- [TASK ITEM]: Down to the last line, print the data that follows exactly, without its pictures.

- [STORED DATA]:
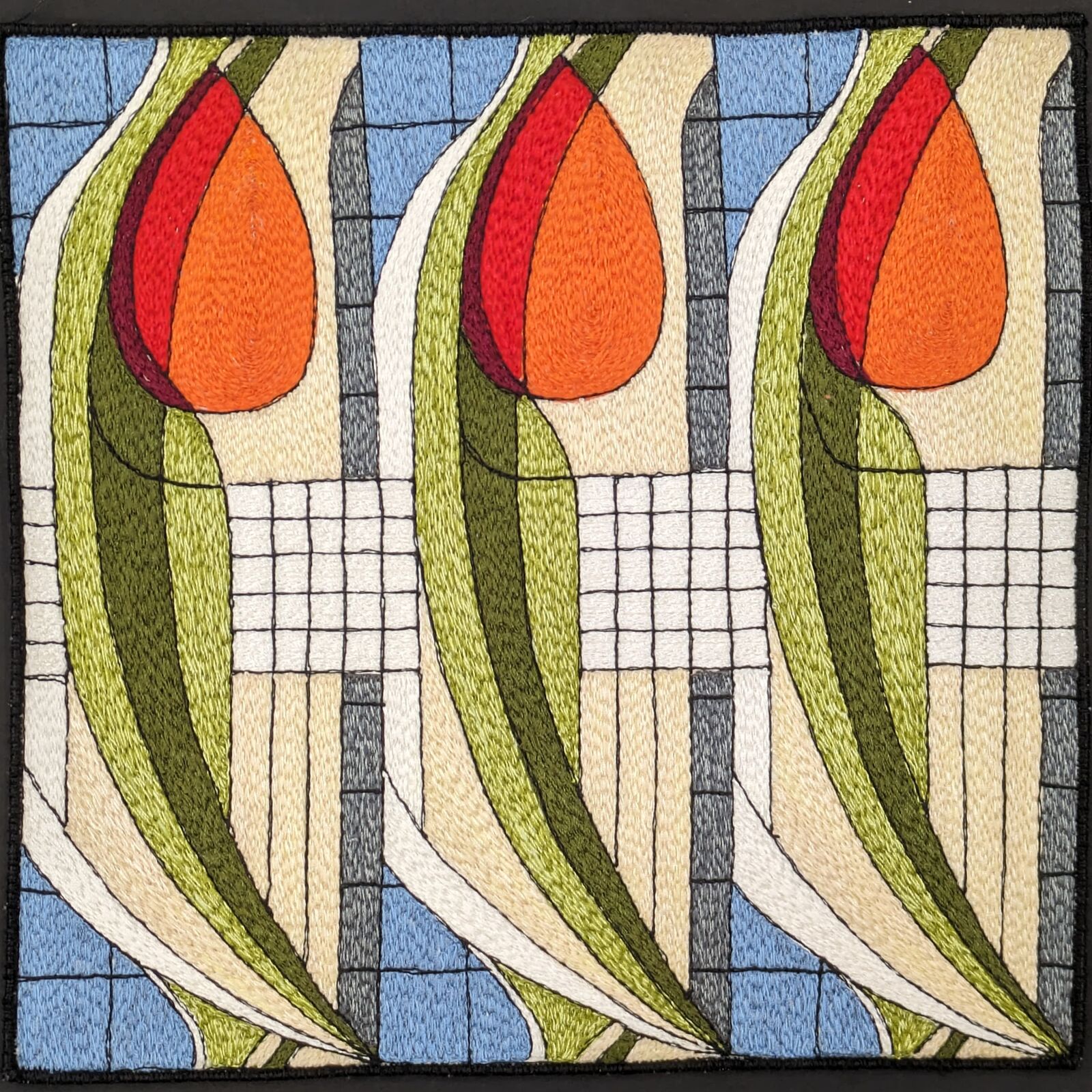Tulipa linea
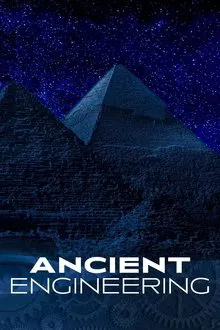 Ancient Engineering tv show poster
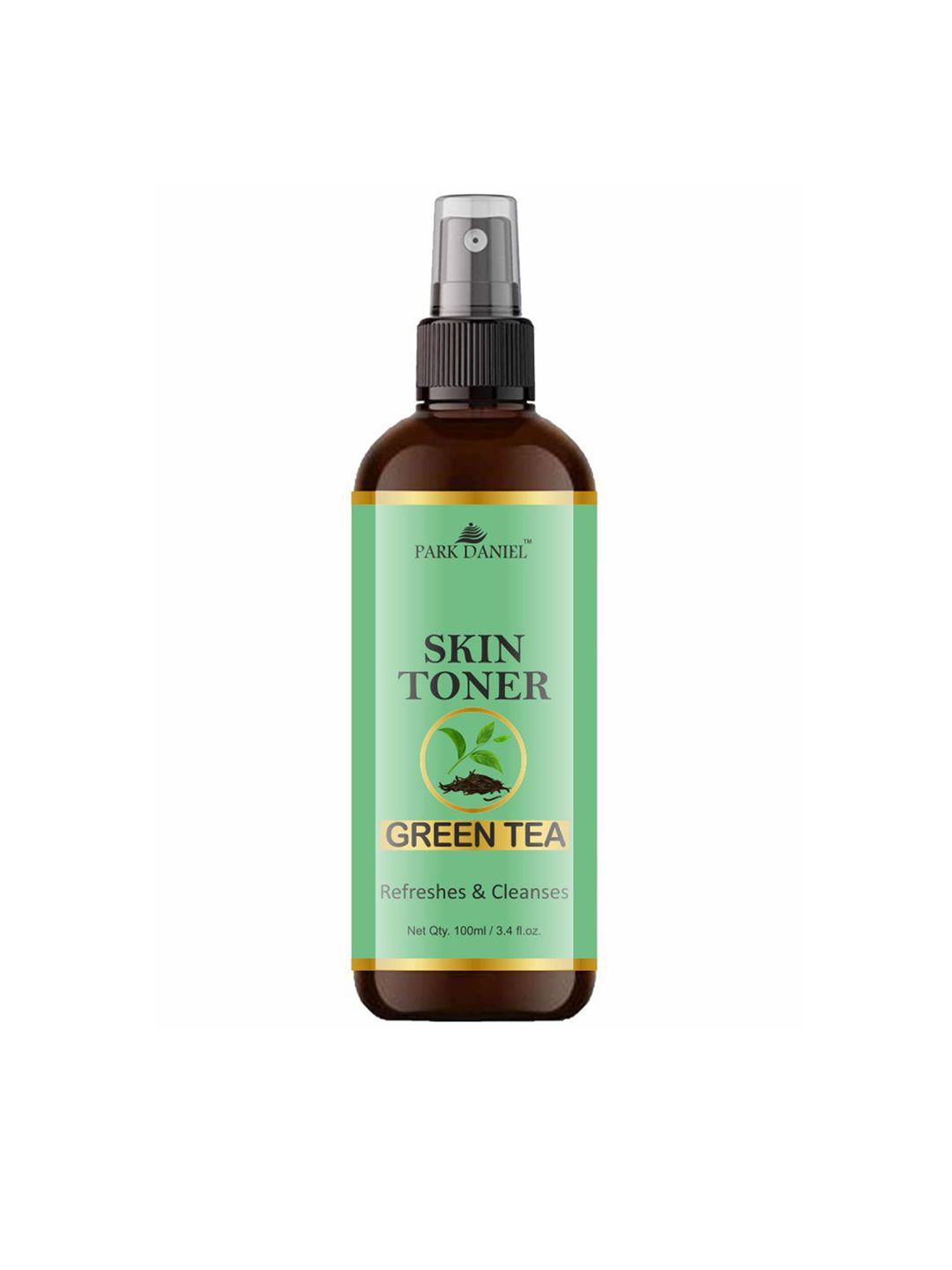 Park Daniel Clarifying Green Tea Face Toner For Oil-Control & Pore-Tightening - 100 ml-picture-39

- [RESPONSE TO THIS TASK]:
Tulipa linea
 Ancient Engineering tv show poster
 Park Daniel Clarifying Green Tea Face Toner For Oil-Control & Pore-Tightening - 100 ml-picture-39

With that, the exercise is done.